Assessment of reporting biases

If we are able to pool seven or more trials in any single meta‐analysis, we will assess publication bias by funnel plots and examine funnel plot asymmetry using the Egger’s test (Higgins 2011).

Data synthesis

We will pool data from studies judged to be clinically homogeneous using RevMan 2014. If more than one study provides usable data in any single comparison, we will perform meta‐analyses. We will use a random‐effects model to pool the results of studies (Borenstein 2009). When I² is higher than 75% we will not pool the results of studies in meta‐analysis.

We will include 95% confidence intervals for all estimates. We will narratively describe skewed data reported as medians and interquartile ranges.

Where multiple trial arms are reported in a single trial, we will include only the relevant arms. If two comparisons are combined in the same meta‐analysis, we will halve the control group to avoid double‐counting.
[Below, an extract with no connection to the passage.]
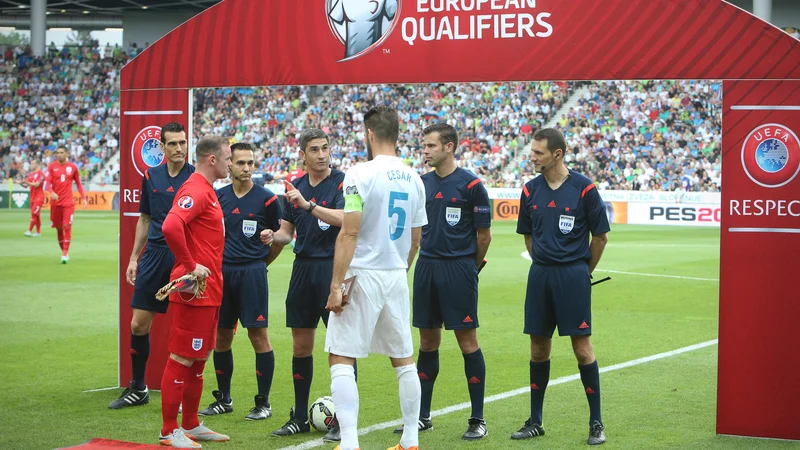 Fotografija: Takole sta se 14. junija 2015 v Stožicah dogovarjala najboljši strelec v zgodovini Anglije Wayne Rooney in Boštjan Cesar. FOTO: Jure Eržen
Subgroup analysis and investigation of heterogeneity

When data allow, we plan to carry out the following subgroup analyses for each outcome.

1. Type of intervention (if possible, we will compare studies that changed the frequency of work breaks with studies that changed the duration of work breaks and with studies that changed the type of work breaks).

2. Age (if possible, we will compare studies conducted in participants aged 18 to 40 years with studies where all participants are aged 41 years and older).

3. Sex (if possible, we will compare males with females).

4. Type of work task (if possible, we will compare industrial or factory work, such as assembling, with computer work and social work, such as nursing and garbage collecting).

We will use the Chi² test to test for subgroup interactions in RevMan 2014.

Sensitivity analysis

We will perform a sensitivity analysis to investigate whether our findings could be affected by the high risk of bias of some of the included studies. We will consider studies to be at high risk of bias if random sequence allocation, allocation concealment, incomplete outcome data, selective outcome reporting, or carry‐over (applicable to cross‐over RCTs) are rated as unclear or high risk, and exclude these studies from the analysis.